The main downside that I can find is listed as the third listing under "downsides" in the Constant Interface wiki:
If binary code compatibility is required in future releases, the constants interface must remain forever an interface (it cannot be converted into a class), even though it has not been used as an interface in the conventional sense.
If you ever figure "Hey, this actually isn't a contract and I want to enforce stronger design", you will not be able to change it. But as I've said, it's up to you; maybe you won't care to change it in the future.
On top of that, code clarity as mentioned by #TagirValeev. Interfaces have the intent of being implemented; if you don't want someone to implement the API you're supplying, don't make it implementable. But I believe this revolves around the "target audience" statement. Not gonna lie, I'm with you on the less-verbose foundation, but it depends on who my code is for; wouldn't wanna use a constant interface for code that may get reviewed.

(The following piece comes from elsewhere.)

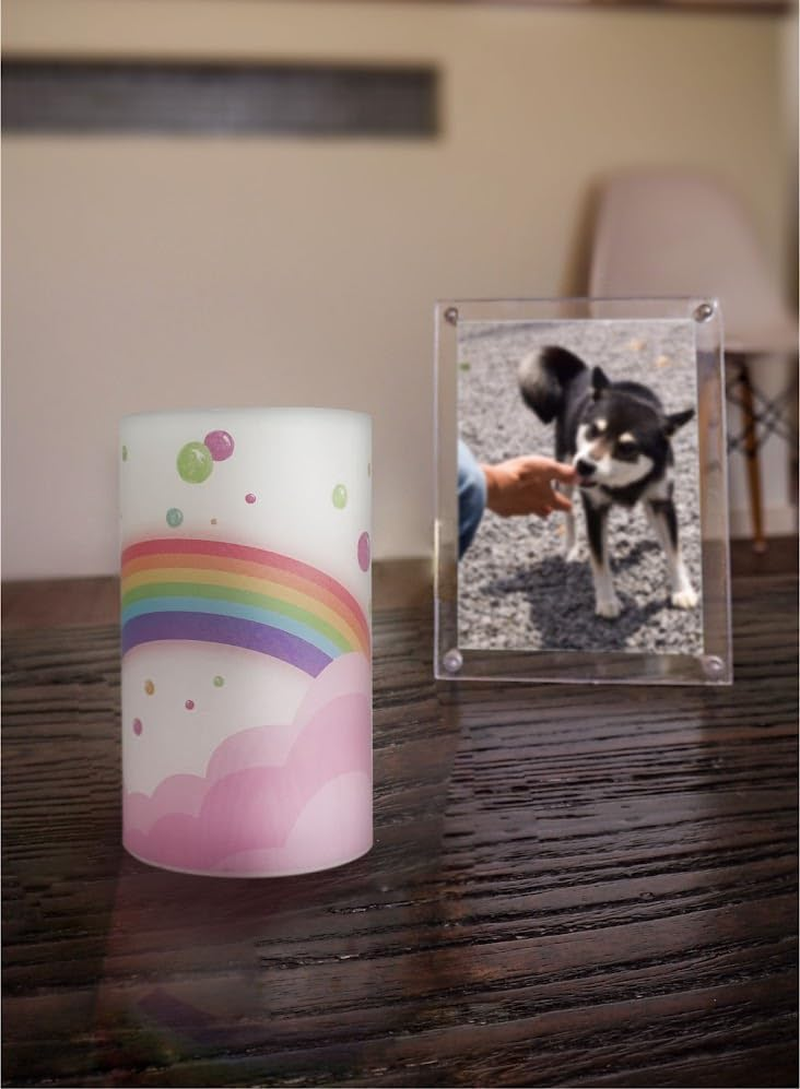 Q-FLA 783975 LED Candle Candle, M, Battery Operated, Flameless, Safe, Interior Decoration, Oppositi, Buddhist Altar, Buddhist Tools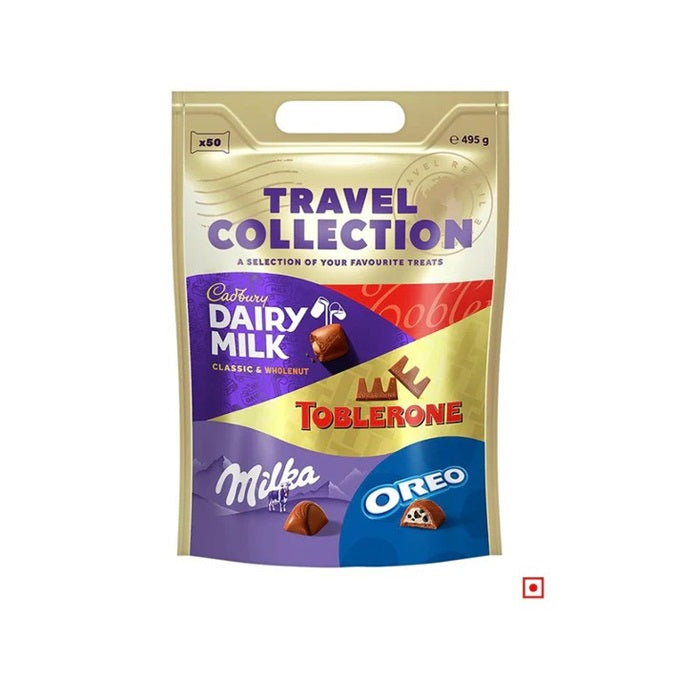 Cadburys Dairy Milk Travel Collection Mini Chocolate Candy & Bars, 50PC (Imported UK)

You should not use interface.
Interfaces cannot have private constants and static initializers.
public class Utility {
private Utility() {}
public static final Map<String, Integer> MAP_CONSTANT;
static {
Map<String, Integer> map = new HashMap<>();
map.put("zero", 0);
map.put("one", 1);
map.put("three", 3);
MAP_CONSTANT = Collections.unmodifiableMap(map);
}
private static String PRIVATE_CONSTANT = "Hello, ";
public static String hello(String name) {
return PRIVATE_CONSTANT + name;
}
}
I think it would work. I think the variable SOME_CONSTANT defaults to being static final in your SomeUtilityInterface, even though you didn't explicitly say so. So, it would work as a Utility but wouldn't you have some mutability problems that you wouldn't have with a regular class with all member variables being required to be final? As long as thats not an issue with your particular implementation of the default methods, I can't think of a problem.